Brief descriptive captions
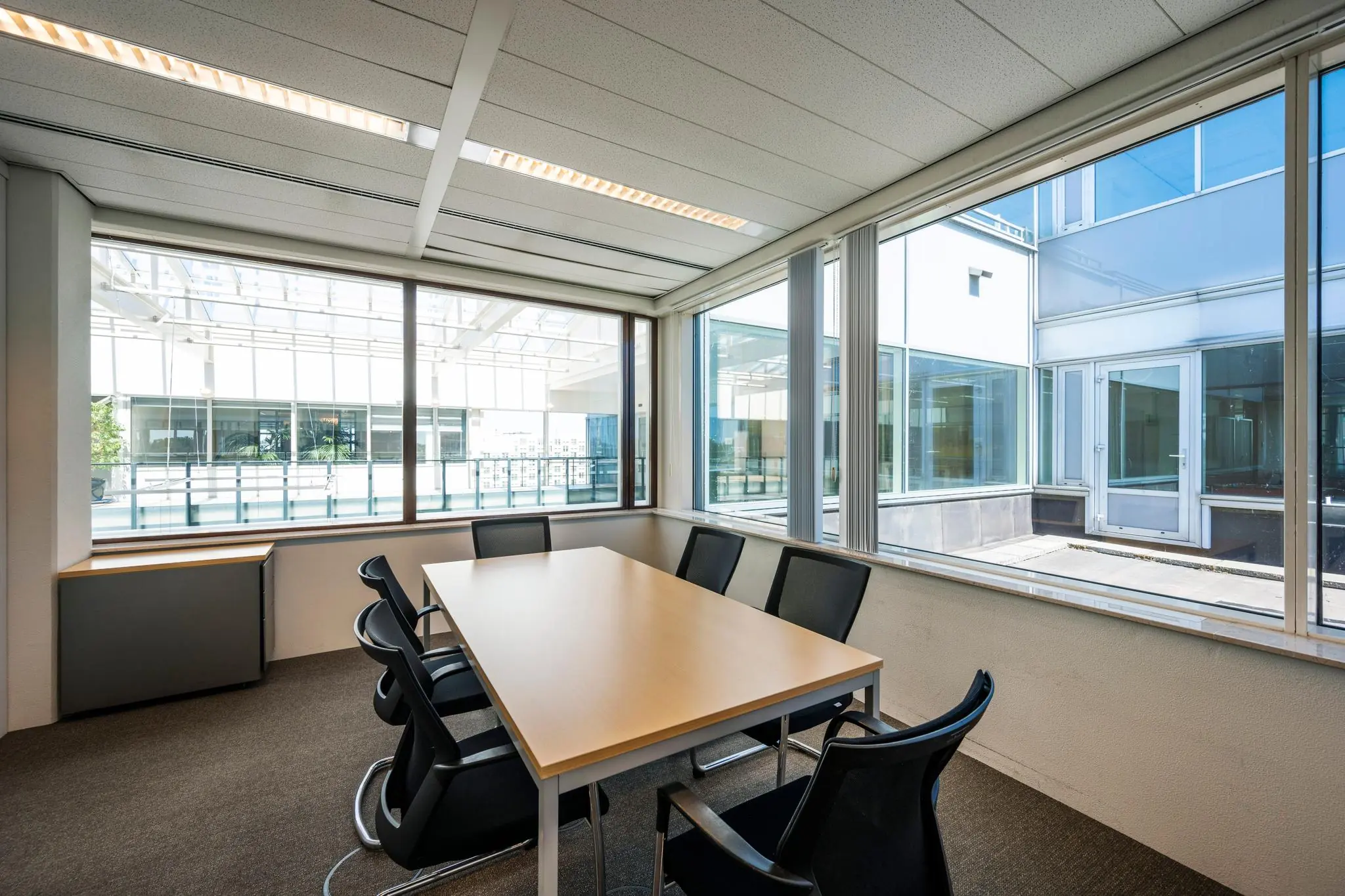 Vergaderruimte met zes stoelen en grote ramen in een modern kantoorpand aan de Thomas R. Malthusstraat.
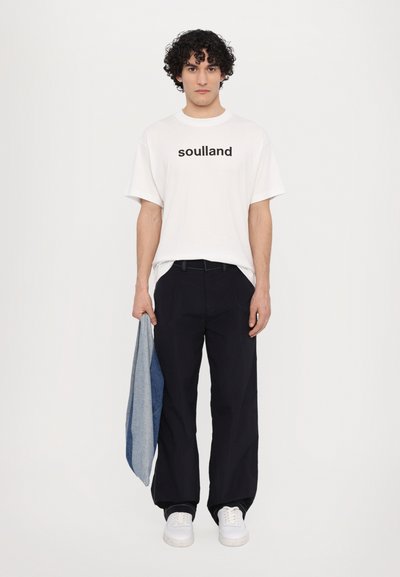 White cotton t-shirt with "soulland" printed in black, paired with black pants and white sneakers. A blue denim jacket is held in the left hand.
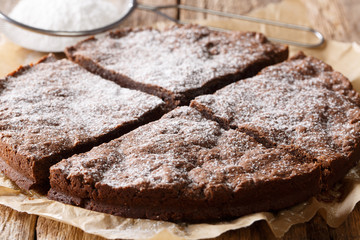 Homemade Swedish chocolate sticky cake close-up on a table. horizontal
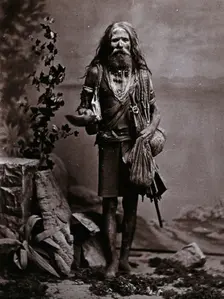 An Indian man wearing many beads, and carrying a begging bowl and an umbrella, in a..., c1900. Creator: Unknown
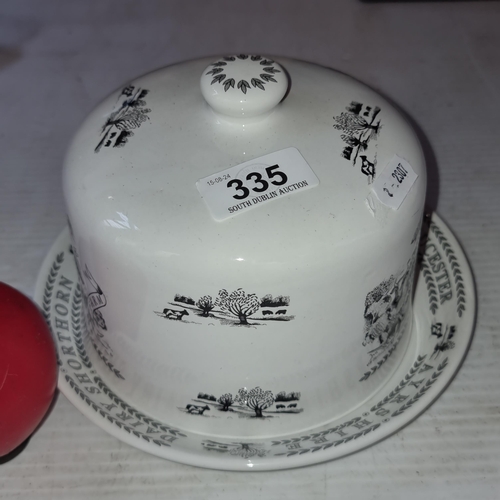 335 - A black and white ceramic cheese dome stamped Bridgewater Dairy Range to base.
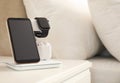 Different gadgets charging on wireless pad in bedroom. Space for text Royalty Free Stock Photo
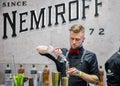 Young barman prepares Bloody Mary cocktail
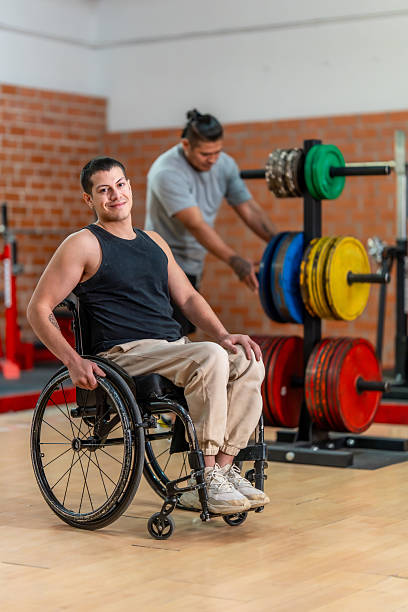 istock Disabled man in wheelchair exercising with trainer at gym 2237290592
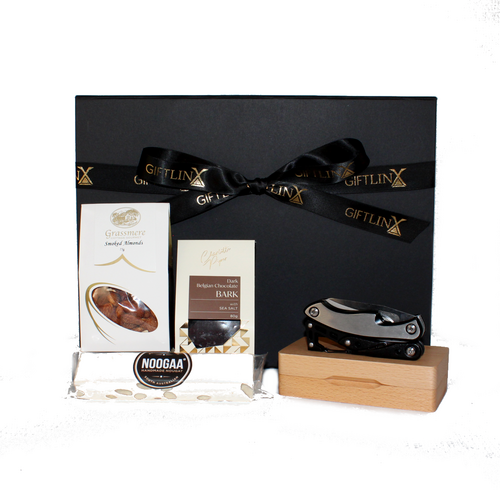 black gift box standing behind a multi tool on its timber case next to a bar of nougat, chocolate and smoked almonds in white packaging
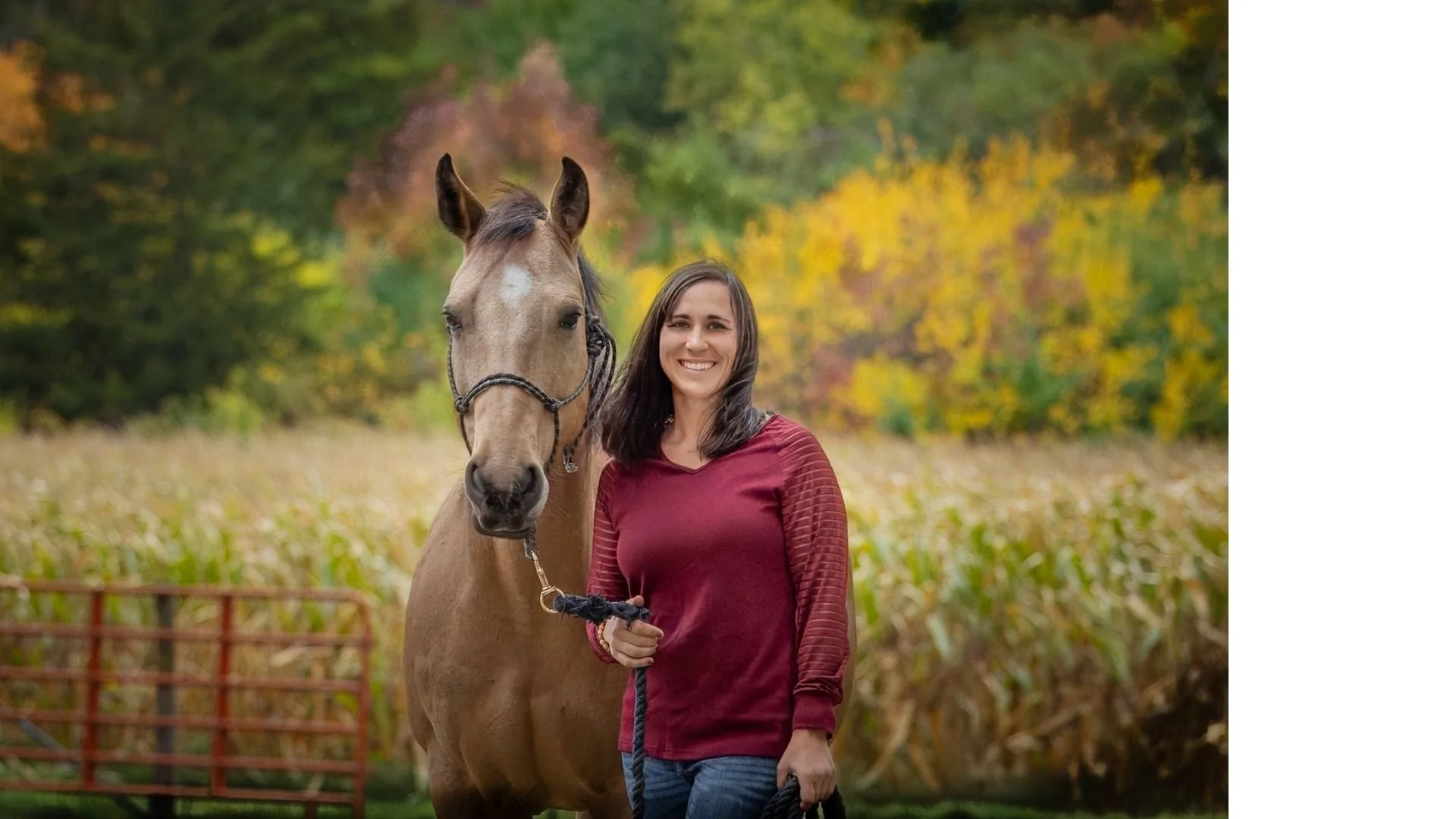 A woman with long dark hair wearing a red long sleeve shirt standing next to a light brown horse with a white star on its forehead, outdoors during fall with colorful autumn trees in the background.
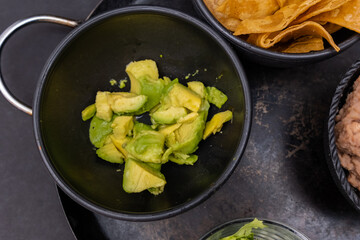 Bowls of tortilla chips and chopped avocado on Mexican comal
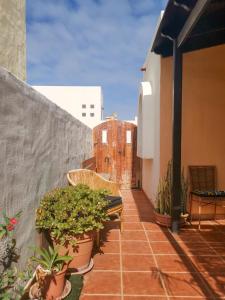 a balcony with potted plants and a fence at Paradise Villa in Corralejo
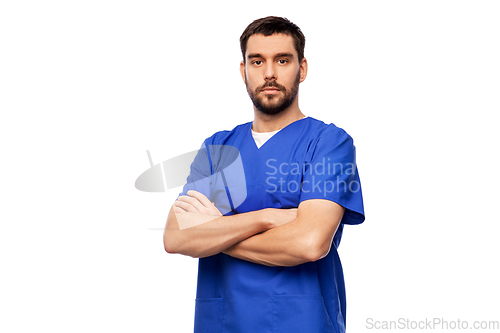 Image of doctor or male nurse in blue uniform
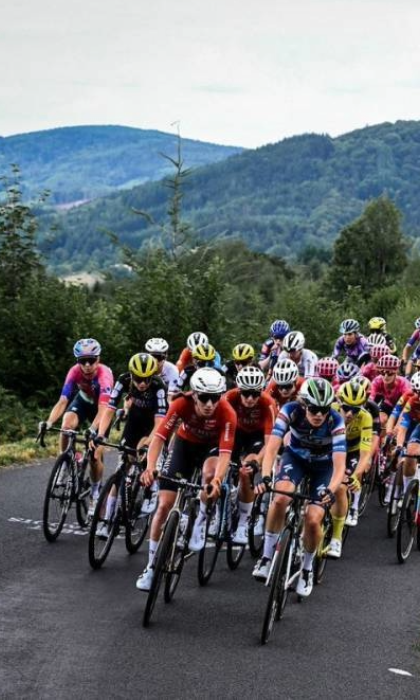A large group of female road cyclists cycle through the country side, as part of the Tour de France Femme avec Zwift.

• **Exercise**
Please set down only the lines from the first line of the records above through the line that has "black gift box", exactly, and not the pictures.

• **Exercise output**
 Vergaderruimte met zes stoelen en grote ramen in een modern kantoorpand aan de Thomas R. Malthusstraat.
 White cotton t-shirt with "soulland" printed in black, paired with black pants and white sneakers. A blue denim jacket is held in the left hand.
 Homemade Swedish chocolate sticky cake close-up on a table. horizontal
 An Indian man wearing many beads, and carrying a begging bowl and an umbrella, in a..., c1900. Creator: Unknown
 335 - A black and white ceramic cheese dome stamped Bridgewater Dairy Range to base.
 Different gadgets charging on wireless pad in bedroom. Space for text Royalty Free Stock Photo
 Young barman prepares Bloody Mary cocktail
 istock Disabled man in wheelchair exercising with trainer at gym 2237290592
 black gift box standing behind a multi tool on its timber case next to a bar of nougat, chocolate and smoked almonds in white packaging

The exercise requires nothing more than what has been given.